• _Activity_
All that is needed is the first stretch of the listing below, repeated exactly and ending with the line that contains "3GTUUCED0RG419462 2024 GMC". Pictures are to be left out.

________________________________________

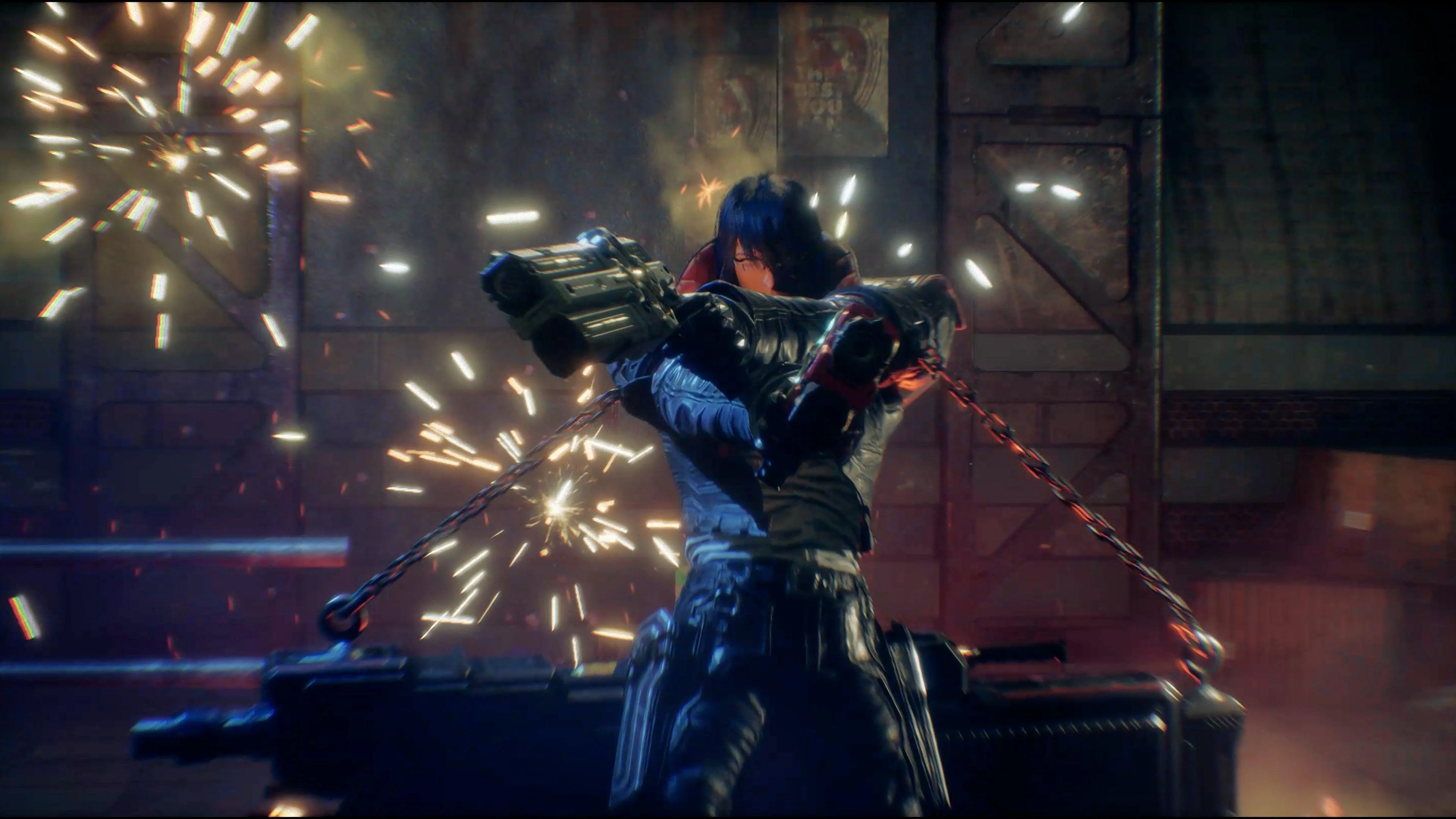 XBOXSX Gungrave G.O.R.E Day One Edition (ENG/EU) - Image 11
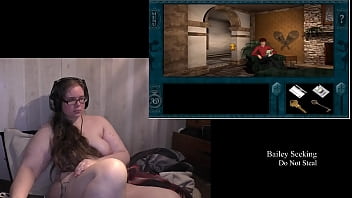 Preview 2 of Mercy 44f Bare Feet - Naked Royal Tower Play Through part 4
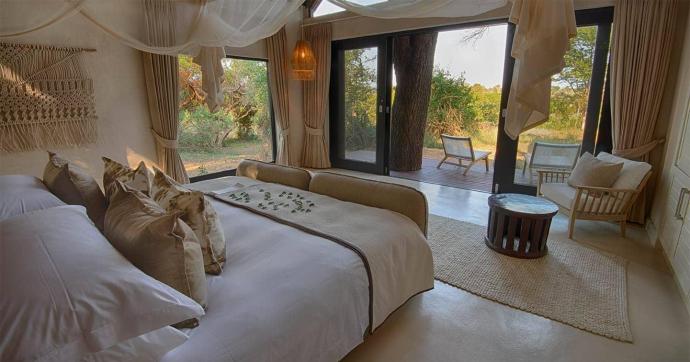 Lion Sands River Lodge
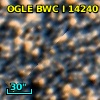 OGLE BWC   I  14240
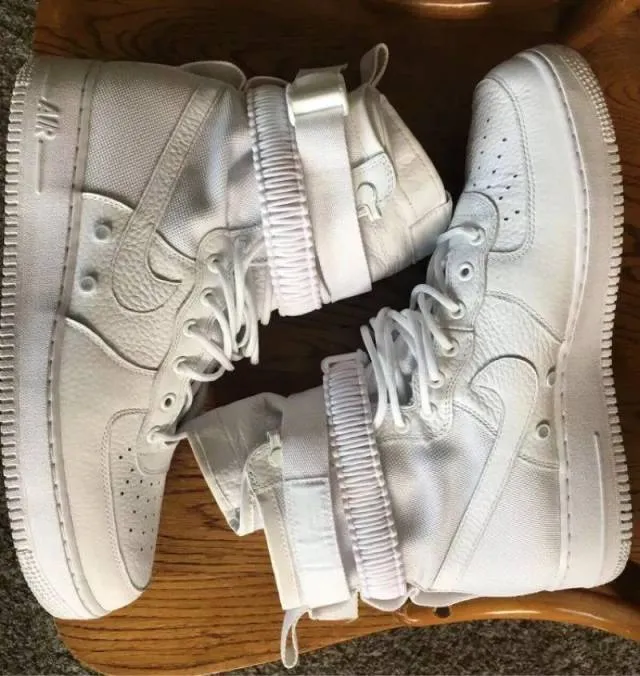 Nike special force Air Force 1 sneakercon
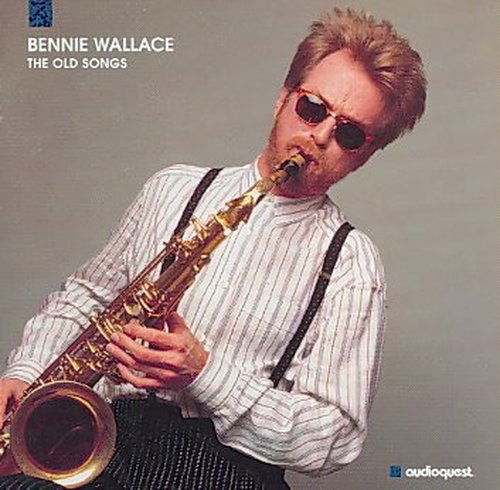 Cover for Bennie Wallace · The Old Songs (CD) (2008)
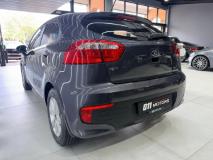 Kia Rio Hatch 1.4 Auto 011 Motors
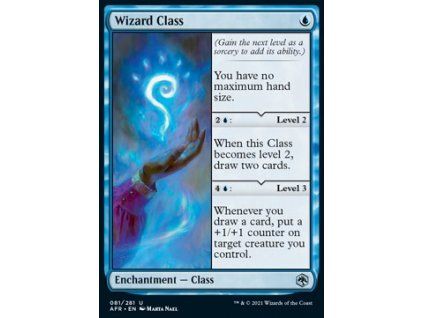 Wizard Class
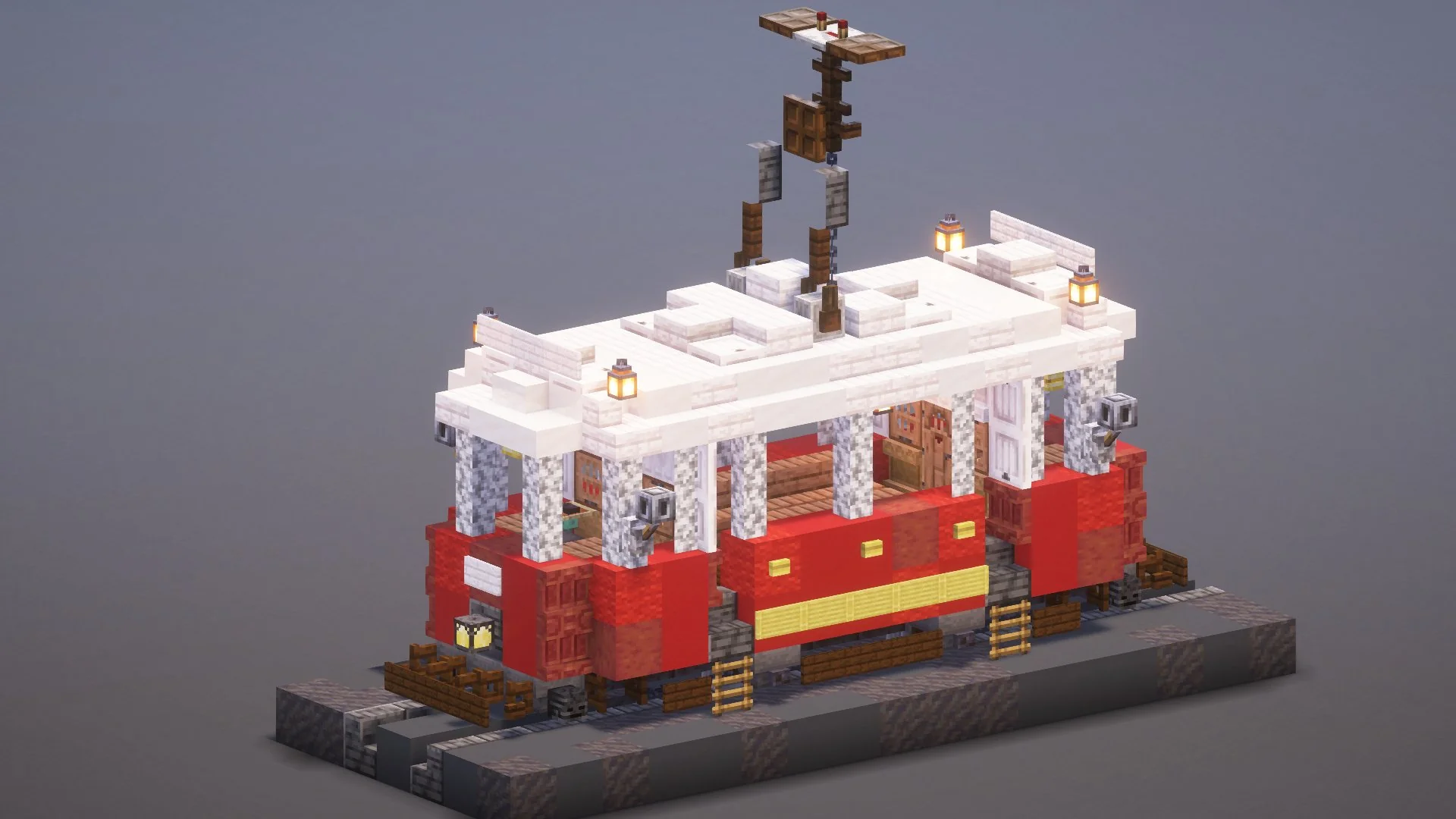 Ancient Tram - Image 2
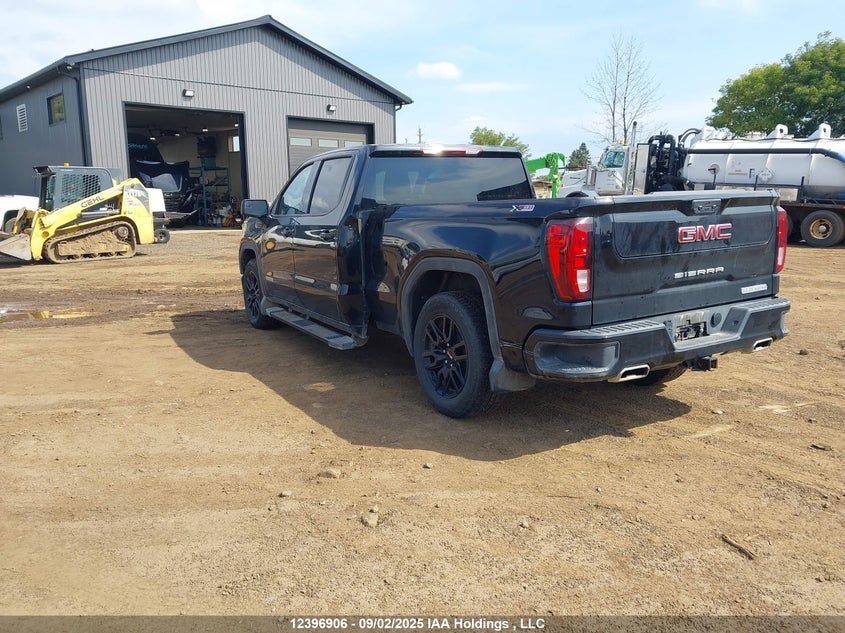 3GTUUCED0RG419462 2024 GMC SIERRA photo no. 3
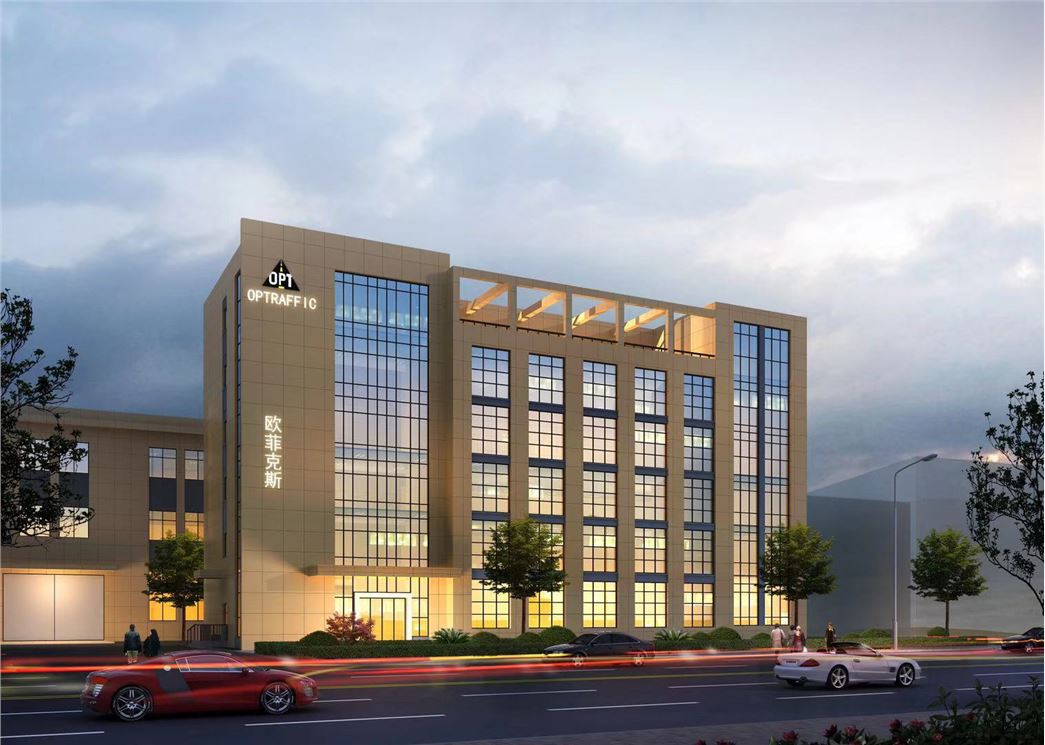 OPTRAFFIC CO., LTD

________________________________________

• _Output_
 XBOXSX Gungrave G.O.R.E Day One Edition (ENG/EU) - Image 11
 Preview 2 of Mercy 44f Bare Feet - Naked Royal Tower Play Through part 4
 Lion Sands River Lodge
 OGLE BWC   I  14240
 Nike special force Air Force 1 sneakercon
 Cover for Bennie Wallace · The Old Songs (CD) (2008)
 Kia Rio Hatch 1.4 Auto 011 Motors
 Wizard Class
 Ancient Tram - Image 2
 3GTUUCED0RG419462 2024 GMC SIERRA photo no. 3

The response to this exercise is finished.